These seven HiRISE images were acquired between August 12, 2012 and January 13, 2013, and show distinct changes in the parachute (at bottom, attached to the backshell at top). In the first four images there are only subtle changes, perhaps explained by differences in viewing and illumination geometry.
Sometime between September 8, 2012 and November 30, 2012, there was a major change in which the parachute extension to the southeast (lower right) was moved inward, so the parachute covers a smaller area. In the same time interval some of the dark ejecta around the backshell brightened, perhaps from deposition of airborne dust.
Another change happened between December 16, 2012 and January 13, 2013, when the parachute shifted a bit to the southeast. This type of motion may kick off dust and keep parachutes on the surface bright, to help explain why the parachute from Viking 1 (landed in 1976) remains detectable.

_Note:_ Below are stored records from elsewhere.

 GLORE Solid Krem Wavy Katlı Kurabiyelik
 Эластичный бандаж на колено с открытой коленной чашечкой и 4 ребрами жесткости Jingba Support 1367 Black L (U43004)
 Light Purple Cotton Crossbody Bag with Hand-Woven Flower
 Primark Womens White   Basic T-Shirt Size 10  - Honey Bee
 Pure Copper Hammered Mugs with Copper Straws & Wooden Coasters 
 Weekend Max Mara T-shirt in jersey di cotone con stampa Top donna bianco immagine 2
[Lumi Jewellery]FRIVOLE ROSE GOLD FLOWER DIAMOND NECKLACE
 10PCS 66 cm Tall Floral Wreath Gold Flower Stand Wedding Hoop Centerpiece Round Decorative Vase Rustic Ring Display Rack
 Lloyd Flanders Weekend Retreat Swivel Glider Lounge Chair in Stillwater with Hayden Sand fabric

The parachute is the largest one of its kind ever constructed, coming in about 65 feet in diameter (you can see a scale here, courtesy JPL) The gap between the white and orange-hued sections prevented the chute from becoming torn during the descent phase.
You can also see a 3D view of the parachute on the ground here. The parachute’s suspension lines were made from Technora, with a fiber similar to Kevlar. The color is a creamy yellow, which is why they are not visible in the images such as those in the Phoenix lander descent image which were white.